Material jurisdiction, insofar as, with reference to its jurisprudence, " [T]he fact that the provisions of the Charter are not specifically mentioned in an Application does not mean the Application is inadmissible, as long as the rights alleged to have been violated are guaranteed in the Charter or any other human rights instrument ratified by the State concerned"[[4]](#footnote-4) ; even if they do not expressly mention the Charter, the Applicants allege violations relating to the economic rights contained in that instrument.

Temporal jurisdiction, insofar as the alleged violations occurred after the Respondent State became a party to the Charter and the Protocol[[5]](#footnote-5) , which is the case here as indicated in paragraph 2 of this Ruling.

Territorial jurisdiction, insofar as the facts of the case and the alleged violations took place in the territory of the Respondent State.

Based on the foregoing, the Court finds that it has jurisdiction to hear the present Application.

**ADMISSIBILITY**

Article 6(2) of the Protocol provides that "the Court shall rule on the admissibility of cases taking into account the provisions of Article 56 of the Charter".

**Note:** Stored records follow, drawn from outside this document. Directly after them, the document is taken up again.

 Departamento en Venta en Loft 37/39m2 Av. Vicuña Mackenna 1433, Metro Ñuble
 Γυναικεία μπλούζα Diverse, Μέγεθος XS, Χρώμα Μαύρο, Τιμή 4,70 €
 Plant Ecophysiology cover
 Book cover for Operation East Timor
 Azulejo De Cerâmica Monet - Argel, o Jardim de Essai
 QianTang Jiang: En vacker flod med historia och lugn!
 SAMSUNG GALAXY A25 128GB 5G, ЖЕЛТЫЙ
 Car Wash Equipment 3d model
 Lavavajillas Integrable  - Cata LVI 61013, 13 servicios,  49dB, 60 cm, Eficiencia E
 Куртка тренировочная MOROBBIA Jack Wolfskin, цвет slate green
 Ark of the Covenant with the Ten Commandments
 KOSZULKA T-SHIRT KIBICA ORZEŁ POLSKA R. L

Under Rule 50(1) of the Rules of Court, " The Court shall ascertain the admissibility of an Application filed before it in accordance with Article 56 of the Charter, Article 6 (2) of the Protocol and these Rules".

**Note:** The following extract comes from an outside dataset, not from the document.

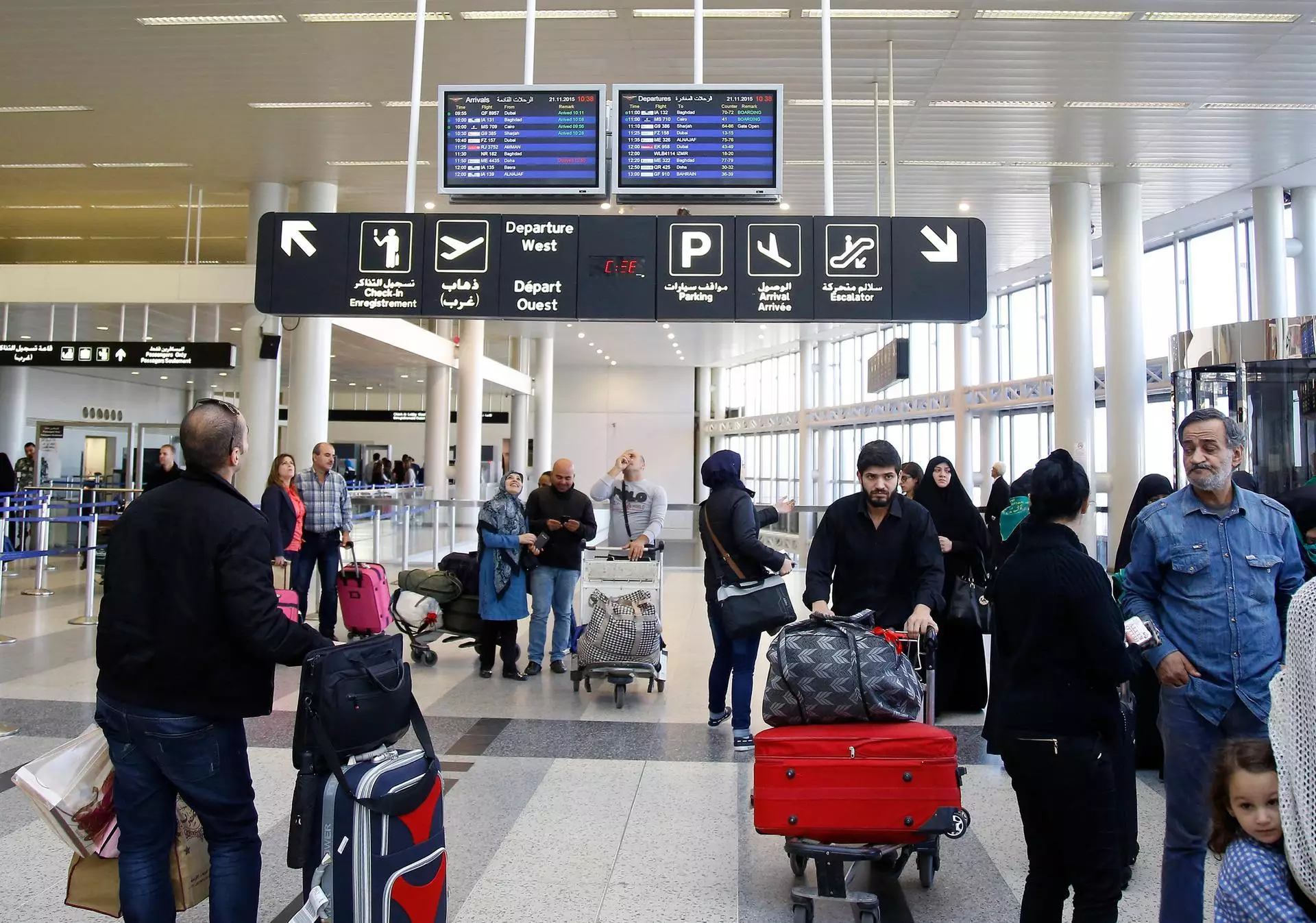 Bəşər Əsədin yaxın qohumu Beyrut aeroportunda saxlanıldı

Under Rule 50(2) of the Rules of Court, which restates the provisions of Article 56 of the Charter it is provided that:

Applications filed before the Court shall comply with all of the following conditions:

Indicate their authors even if the latter request anonymity;

Are compatible with the Constitutive Act of the African Union and with the Charter;

Are not written in disparaging or insulting language directed against the State concerned and its institutions or the African Union;

Are not based exclusively on news disseminated through the mass media;

Are sent after exhausting local remedies, if any, unless it is obvious that this procedure is unduly prolonged;

Are submitted within a reasonable time from the date local remedies were exhausted or from the date set by the Court as being the commencement of the time limit within which it shall be seised with the matter; and;

Do not deal with cases which have been settled by those States involved in accordance with the principles of the Charter of the United Nations, or the Constitutive Act of the African Union or the provisions of the Charter.

The Court notes that the Respondent State raises an objection to admissibility based on non-exhaustion of local remedies. The Court will first rule on (a) that objection before considering, if necessary, (b) the other admissibility conditions.

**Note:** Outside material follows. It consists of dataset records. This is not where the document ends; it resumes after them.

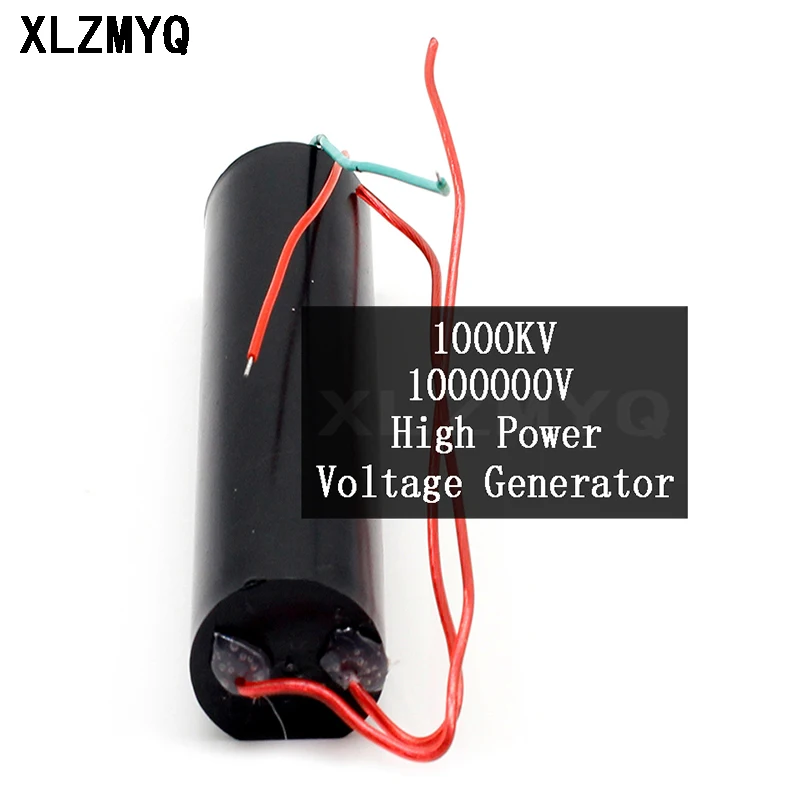 1000KV 1000000V High Voltage Generator Module step up Inverter Transformer Pulse High Voltage Arc Generator Ignition Coil Module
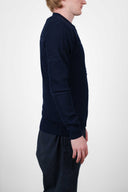 TRANSPARENT jacket, compact blue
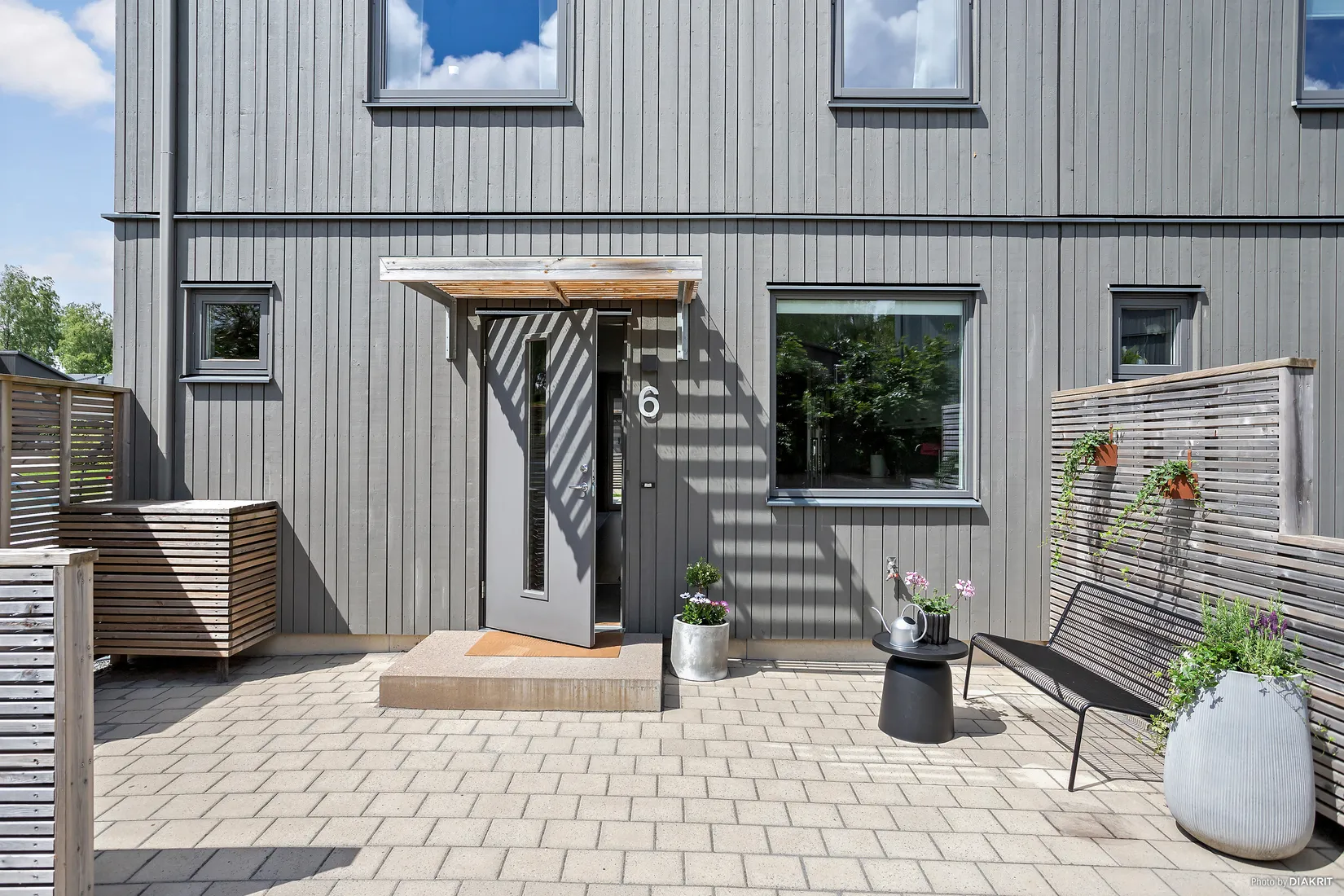 Bostadsrätt, Radhus, Kärnvedsgatan 6, Hills Villastad, Mölndal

**Objection based on non-exhaustion of local remedies**

The Respondent State alleges that the Application does not meet the requirement of Article 56(5) of the Charter. It submits that that the Applicants did not exercise the legal and judicial remedies provided for by domestic procedural law, namely appeal and cassation. According to the Respondent State, even if the Applicants exhausted local remedies, they have not produced any formal evidence thereof.

The Respondent State further alleges that the fact that the Applicants produced a copy of Decision No. 24 of 14 April 2020, by which the Supreme Court of Mali dismissed their appeal, clearly demonstrates that they did not exhaust all local remedies. Lastly, the Respondent State contends that the fact that the Applicants unsuccessfully brought a case before the Ombudsman cannot absolve them from exhausting judicial remedies.

For their part, the Applicants contend that it is incorrect to argue, as the Respondent State does, that the Tribunal declared their two above-mentioned applications inadmissible.

According to the Applicants, domestic court proceedings on which the Kita Labour Court ruled relate to the summons of the trade union committee and that of the members. They further submit that the Court dismissed both actions even though the petition against BCM Mali was declared inadmissible and while the one against UPS was declared admissible.

\*\*\*

The Court recalls that the remedies to be exhausted within the meaning of Rule 50(2)(e) of the Rules are ordinary remedies of a judicial nature.[[6]](#footnote-6) Moreover, it is not sufficient for the Applicants to allege a mere attempt to exercise such remedies. They must prove that they have exhausted all existing, available and effective remedies[[7]](#footnote-7) unless they can show the existence of an impediment attributable to the Respondent State[[8]](#footnote-8) . In any event, an application may only be brought before the Court after the highest domestic court has rendered a final decision on the issues raised in the Application.[[9]](#footnote-9)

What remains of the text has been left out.